Çevremizdeki insanların hayatları, yaşam tarzları, bakış açıları, davranışları ve duyguları, bizleri onlardan daha çok etkilemektedir. Çok gariptir ki yeryüzünde nereye giderseniz gidin bu durum böyledir. Çevremizde birden mutlu olan insan ile mutlu olabildiğimiz gibi acı içerisinde kıvranan birinin yanında ağlayabiliriz. Bu durumun bilimsel açıklaması ayna nöronlara sahip olmamız. Bu nöronlar, bir başkasına görülen davranışı ya da duyguyu kendimizde hissetmemize, bir nevi taklit etmemize neden olmaktadır. Tıpkı durduk yere kahkaha atan birinin yanında gülümsememiz ya da esneyen birinin yanında esnememiz gibi…

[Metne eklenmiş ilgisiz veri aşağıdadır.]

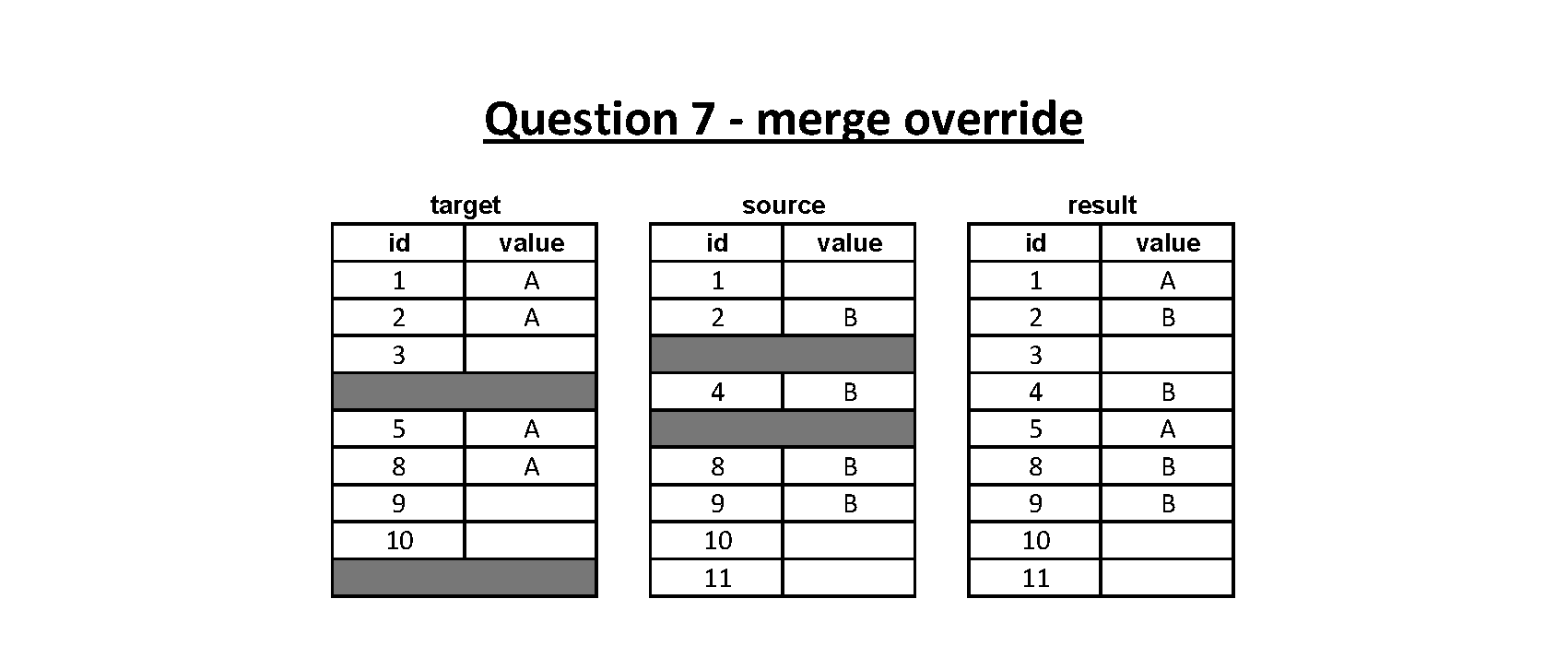 GitHub - JS291/SQL_Practice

Bizleri bu kadar çok etkileyen insanların davranışlarından etkilenmememiz mümkün müdür sizce? Bunun mümkün olduğunu bilseydiniz, çevrenizdeki insanların yaşamlarına ve bakış açılarına karşı nasıl olurdunuz?
Onaylanmaya İhtiyacınız Yok
Hayatımızdaki insanların eleştirilerine ihtiyacımız vardır fakat onaylanmaya yoktur. Pek çoğumuz yaptığımız, yapmadığımız ya da yapamadığımız işler, görevler ve sorumluluklar karşısında onaylanmayı beklemektedir. Duyduğumuz onaylanma ihtiyacı, bizleri bir arayışa ve beklentiye sürüklemektedir. Bu beklenti ve arayış sonucunda da insanların düşüncelerinin, duygularının ve davranışlarının etkisi altında kalırız. Bir başkası bizleri onaylanmadığında kendimizi başarısız, mutlu ya da başka şekilde hissetmemize gerek yoktur. Önemli olan kendimizin nasıl hissettiği, nasıl düşündüğü ve davrandığı olmalıdır.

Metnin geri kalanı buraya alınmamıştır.